ACTION ITEM: Reproduce the listing exactly. Omit pictures.

SUPPLIED DATA:
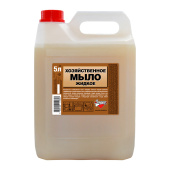 Мыло жидкое 5 л, ЗОЛУШКА, "Хозяйственное", М02-1 за 804 ₽. Мыло хозяйственное.  Доставка по РФ. Без переплат!
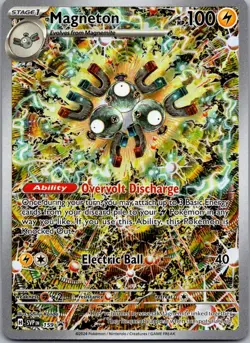Magneton Promo SV: Scarlet & Violet Promo Cards 159 NM - Image 1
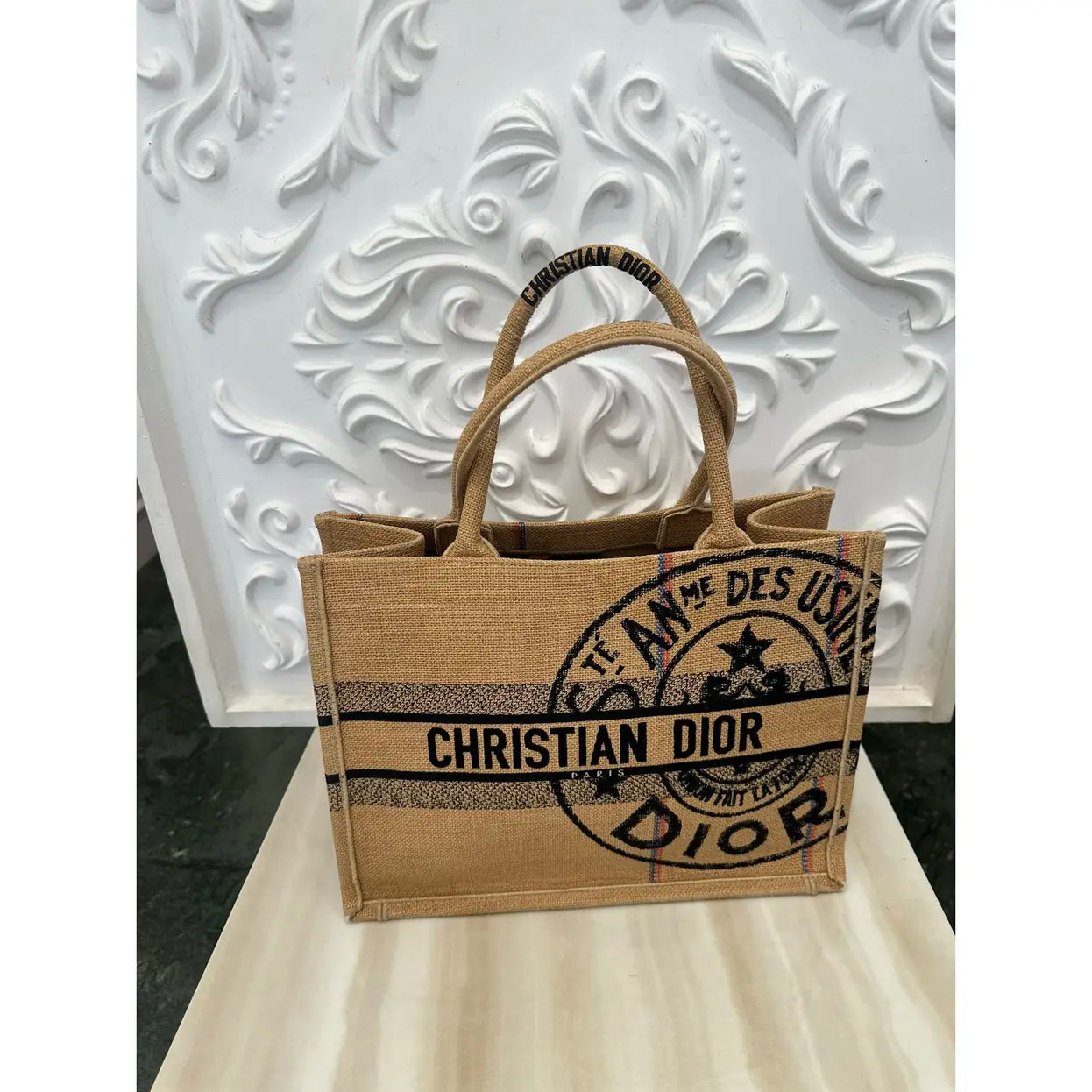 Book Tote cloth tote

EXERCISE RESULT:
 Мыло жидкое 5 л, ЗОЛУШКА, "Хозяйственное", М02-1 за 804 ₽. Мыло хозяйственное.  Доставка по РФ. Без переплат!
Magneton Promo SV: Scarlet & Violet Promo Cards 159 NM - Image 1
 Book Tote cloth tote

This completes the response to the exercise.